## Available data
[Start of section]
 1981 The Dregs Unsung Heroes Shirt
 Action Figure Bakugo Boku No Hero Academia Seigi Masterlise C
[End of section]
[Start of section]
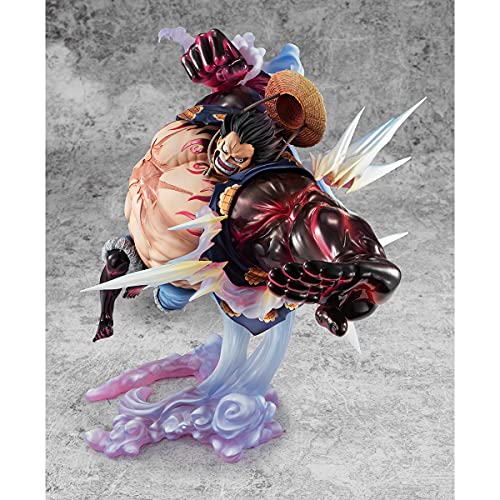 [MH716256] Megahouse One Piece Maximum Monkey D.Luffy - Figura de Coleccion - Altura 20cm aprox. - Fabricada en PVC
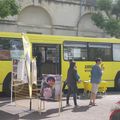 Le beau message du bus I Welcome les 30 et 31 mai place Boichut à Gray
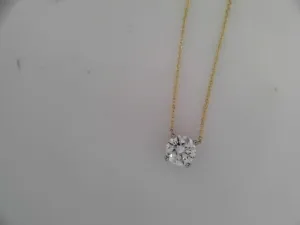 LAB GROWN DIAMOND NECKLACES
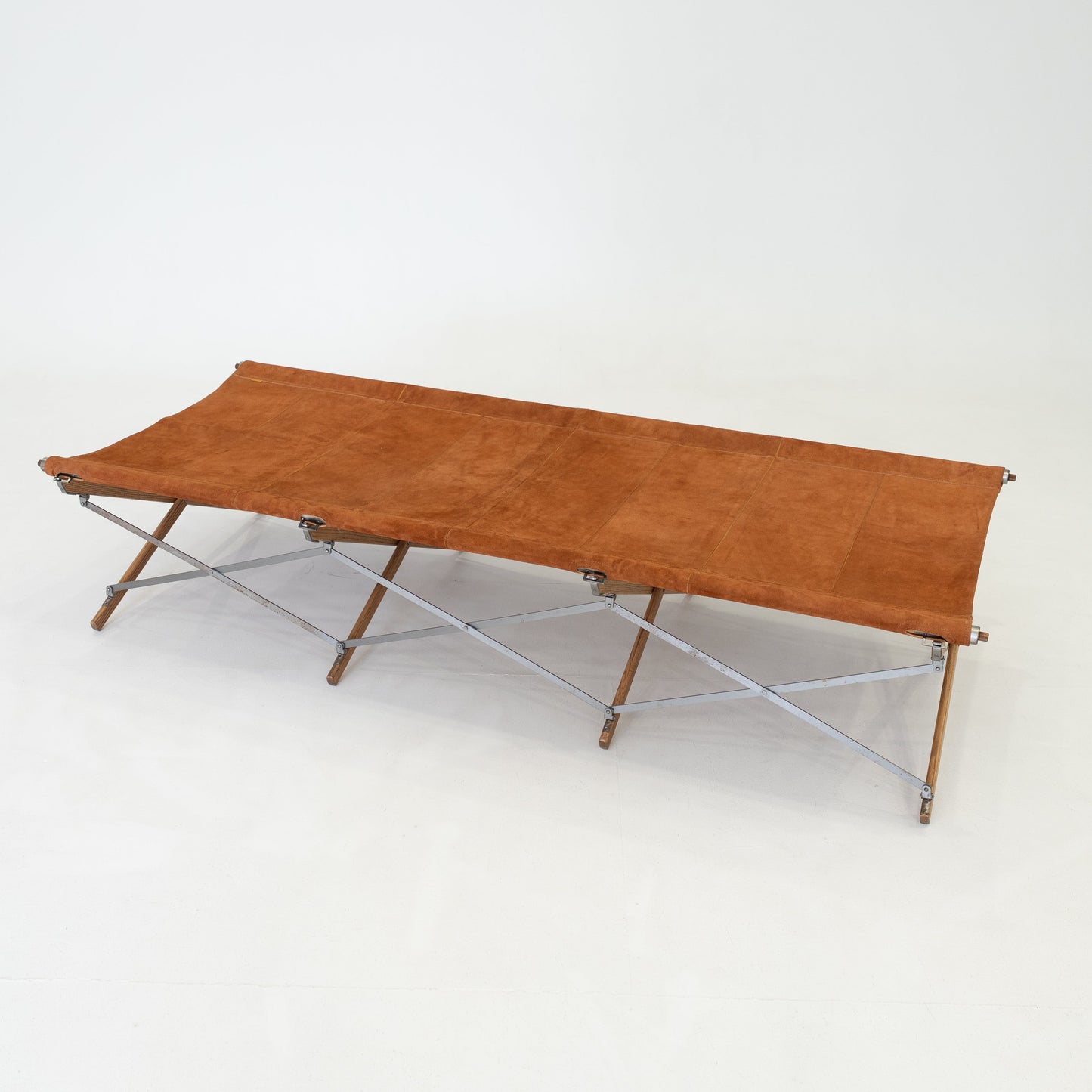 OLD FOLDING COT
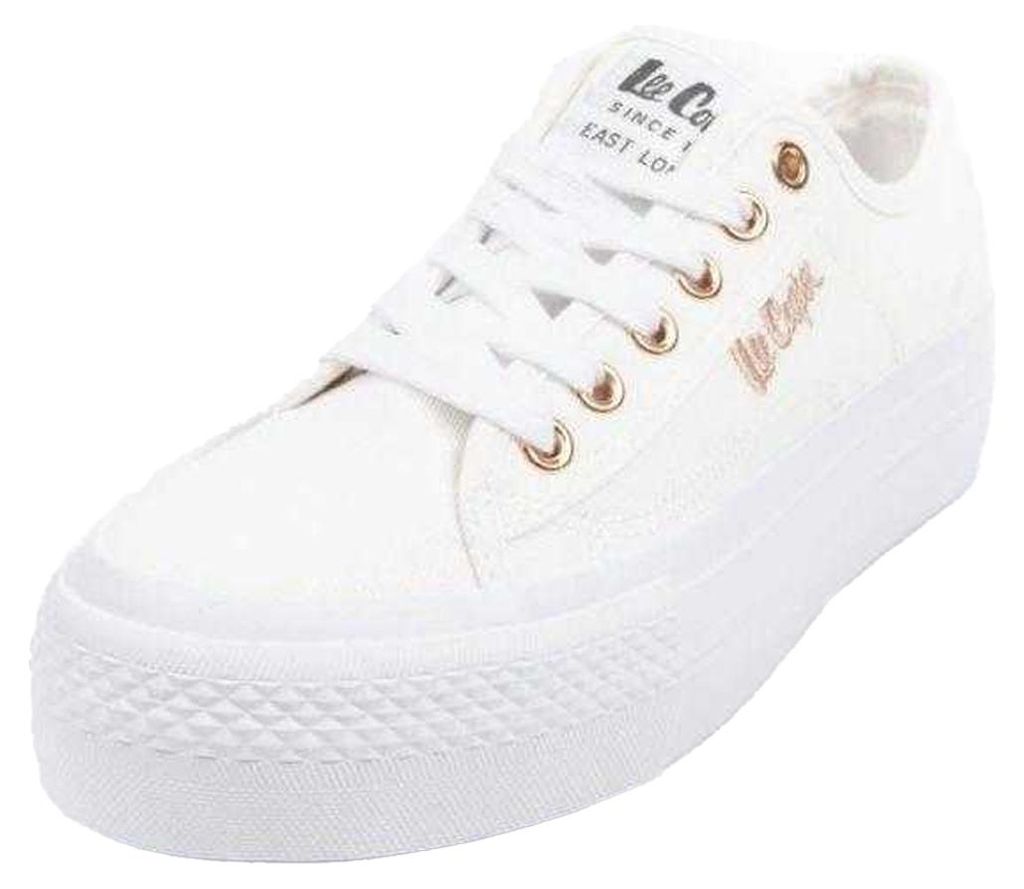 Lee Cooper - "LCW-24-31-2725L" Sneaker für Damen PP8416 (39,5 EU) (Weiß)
[End of section]
[Start of section]
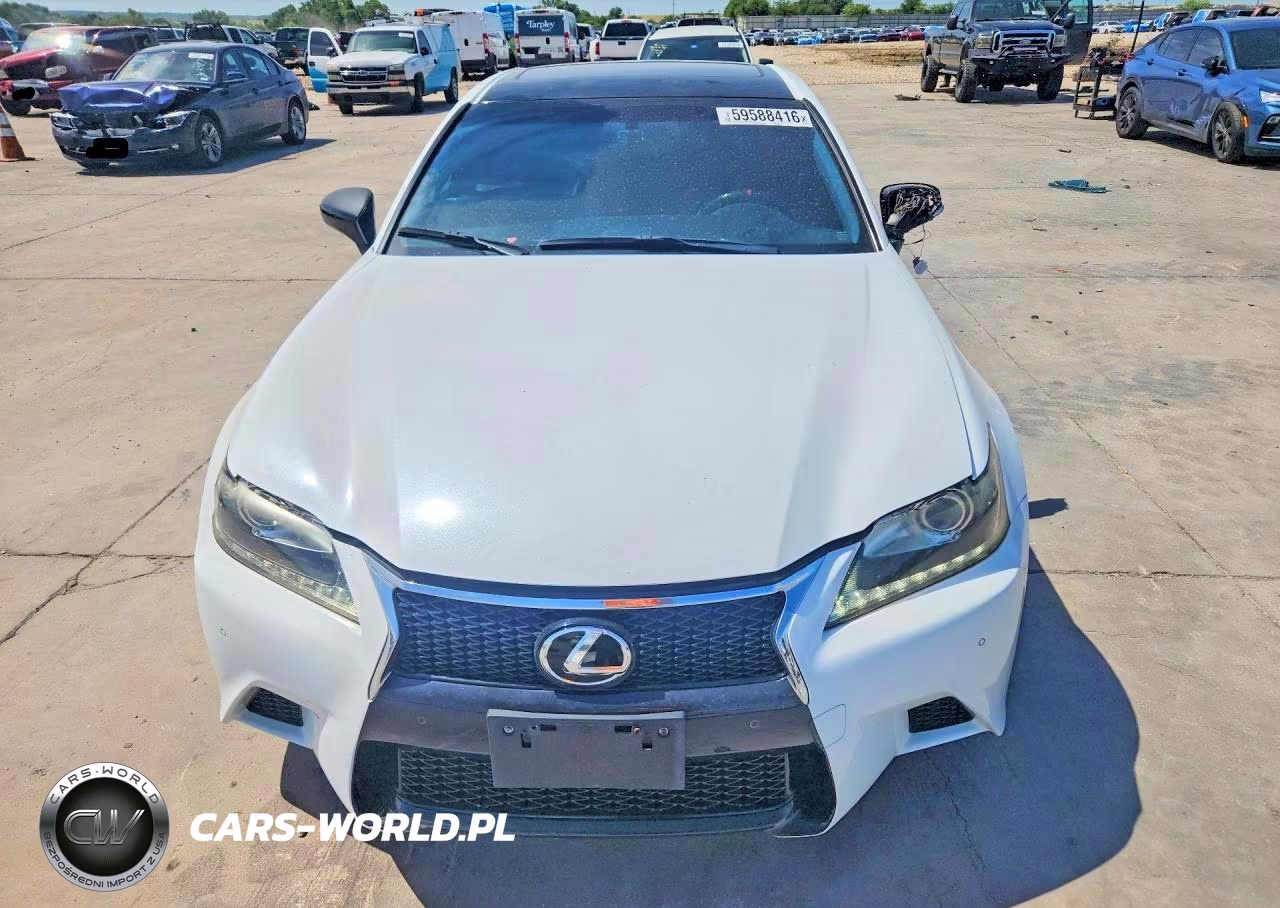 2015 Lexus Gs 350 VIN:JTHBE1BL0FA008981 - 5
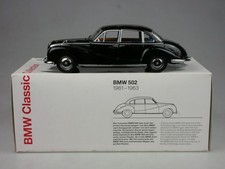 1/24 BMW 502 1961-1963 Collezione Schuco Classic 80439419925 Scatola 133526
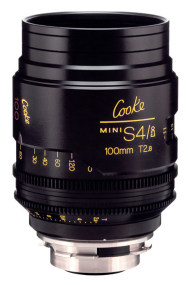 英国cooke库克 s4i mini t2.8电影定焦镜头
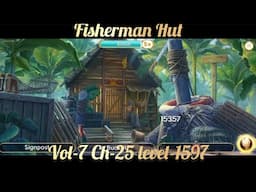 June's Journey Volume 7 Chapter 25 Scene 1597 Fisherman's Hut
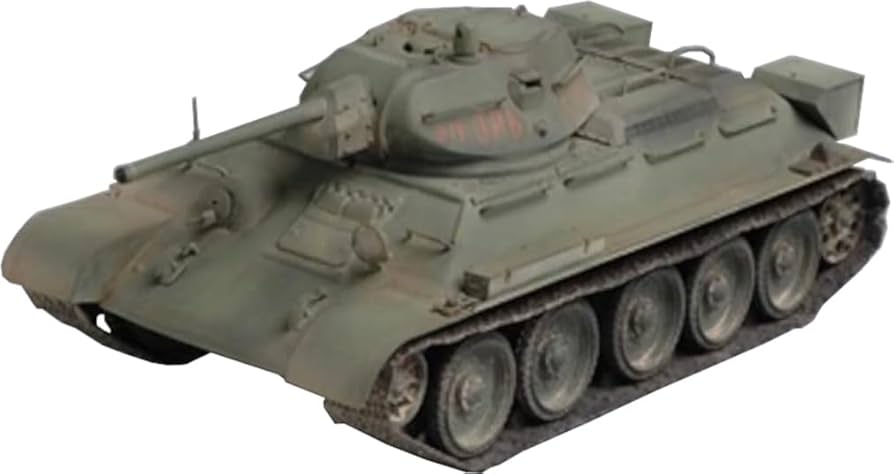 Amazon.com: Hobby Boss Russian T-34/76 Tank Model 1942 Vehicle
[End of section]
## Your goal
From the line that has "1981 The Dregs Unsung Heroes Shirt" through the line that has "Action Figure Bakugo", copy every line exactly as it appears above, and leave out all others.

## Result below
 1981 The Dregs Unsung Heroes Shirt
 Action Figure Bakugo Boku No Hero Academia Seigi Masterlise C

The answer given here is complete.